Anne Maria Clarke @ the ballet
The Sugar Plum Fairy has deep roots in myth, in centuries old stories of mortal beings spirited away into other realms, magical realms that do not conform in the slightest to our everyday world. Oisin is famously carried away to Tir Nag Nog in the Irish legend, Taliesin to Annwn, the Welsh Other world and Thomas the Rhymer in the Scottish poem, who accompanies a beautiful lady to Elf land where he remains for seven full years.
There are various ways of arriving in such places or states as they might be more helpfully understood. In the Nutcracker story, young Clara falls asleep beneath the lighted tree on Christmas Eve and like Alice, who drinks her magic potion, shrinks down to the size of her toys and dreams of journeying to an enchanted realm with the Nutcracker doll given to her as a gift by her uncle, the local toymaker. The imaginal world, the 'let's pretend place' if you like, is all at once animated, made real and true and the everyday world for the duration, pales into a kind of bland insignificance. Yet it is precisely because of these 'adventures' these extra-ordinary journeys into the beyond, that our everyday mortal world is enriched and made new.
In our story, it is almost as if in crafting and giving Clara the handsome Nutcracker doll her uncle is enabling this important transition from childhood to adolescence. In Joseph Campbell's scheme, this uncle could well be the wise helper whom the heroine is destined to meet. He is clearly the initiator of the adventure and knows full well the powers invested in his Christmas Nutcracker doll. He knows too of the Sugar Plum Fairy who inhabits the heart of the make – believe kingdom whom Clara is destined to meet.
Parents of course are reluctant to let their children go and often do not recognise the moment when it is right to do so and so it falls to others, like Clara's uncle to create the opening for the adventure.

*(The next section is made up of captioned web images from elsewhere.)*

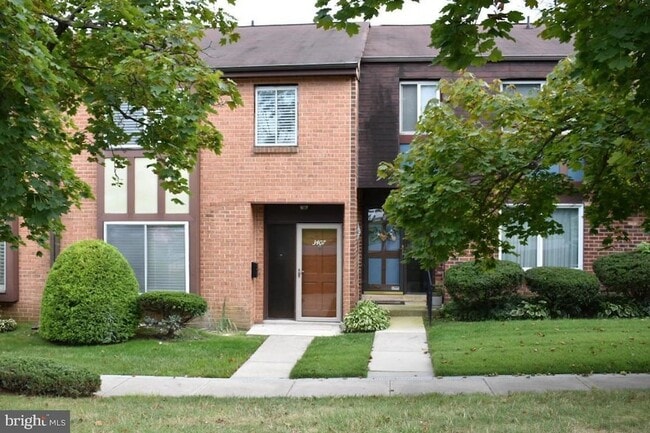 property at 3407 Golf View Dr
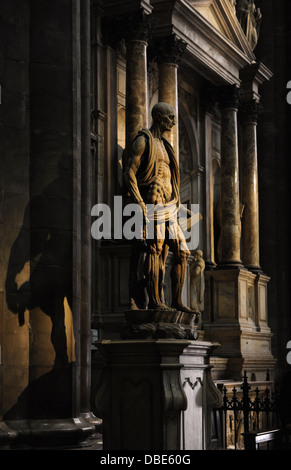 St Barthélemy écorché (1562). Renaissance. Statue par le sculpteur Marco d'agrate (ch. 1504- c. 1574). Cathédrale. Milan. Banque D'Images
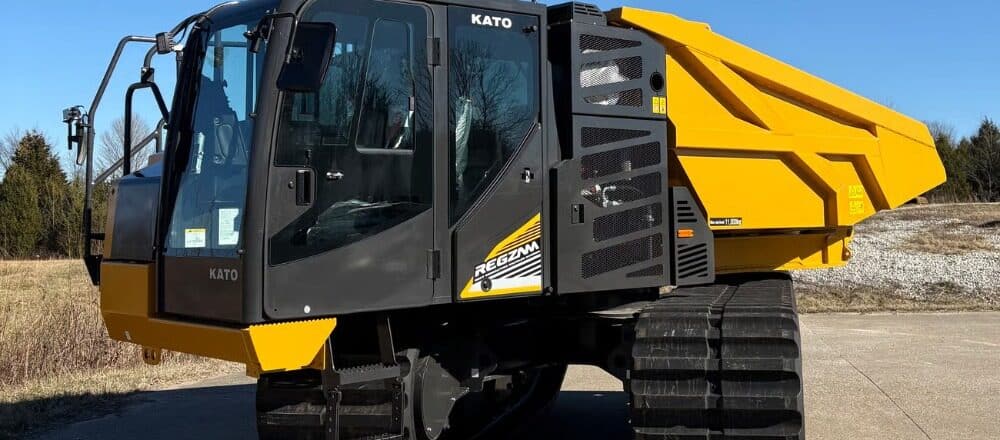 The Kato IC110R Rotating Crawler Carrier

A pretty pink fairy, not unlike our Sugar Plum is placed on top of the cake to add to the enchantment – but no one ever knows that she is actually a manifestation of the mighty Fairy Queen herself who rules over the enchanted realm with her husband the Fairy King – humbly disguised in this tale as the apprentice cook. Not all is what it seems to be at first glance you see and the fairy on the cake and indeed our own Sugar Plum are merely ways in which these immense archetypal energies choose to clothe themselves at what we might call - their lower octave - or frequency, the outer ripples if you like, of the deep, deep source from which they come to form.
Well, the young boy who finds the Fay-Star ....Tolkien's alter ego it has been said.... travels at will between the worlds and becomes known as Star-brow, for whenever he returns from Faery, the star which is stuck to his brow glows and glows especially after he meets the Fairy Queen.
So please don't scoff and turn up your intellectual nose - for the Sugar Plum Fairy, albeit fashioned from festive marzipan and frosted icing ... is not at all discontinuous with the Fairy Queen proper – as Tolkien has clearly shown us - the archetype - the goddess in fact before whom men quake in their boots and bow down.....and to whom, unless we have hearts of stone, we are all ineffably drawn.
At Christmas time, in our Western traditions, alongside the more sober Mother of God, this is clearly how she finds her way into our everyday lives. We can make her small if we wish, we can diminish her significance, like TinkerBell in Peter Pan - yet there she still is, every year delighting us with her magic.
Like Oisin, Taliesin, Thomas the Rhymer and Star-Brow, Clara and the Nutcracker Prince all meet a Fairy Queen of sorts – and maybe it is fitting that our Christmas adventurers meet her in the form of the Sugar Plum, for it is said that to meet her within her higher octave, so to speak, is sometimes too awesome an experience. The Nutcracker is a taster therefore, a prepatatory initiation into the more grown up wonders to come.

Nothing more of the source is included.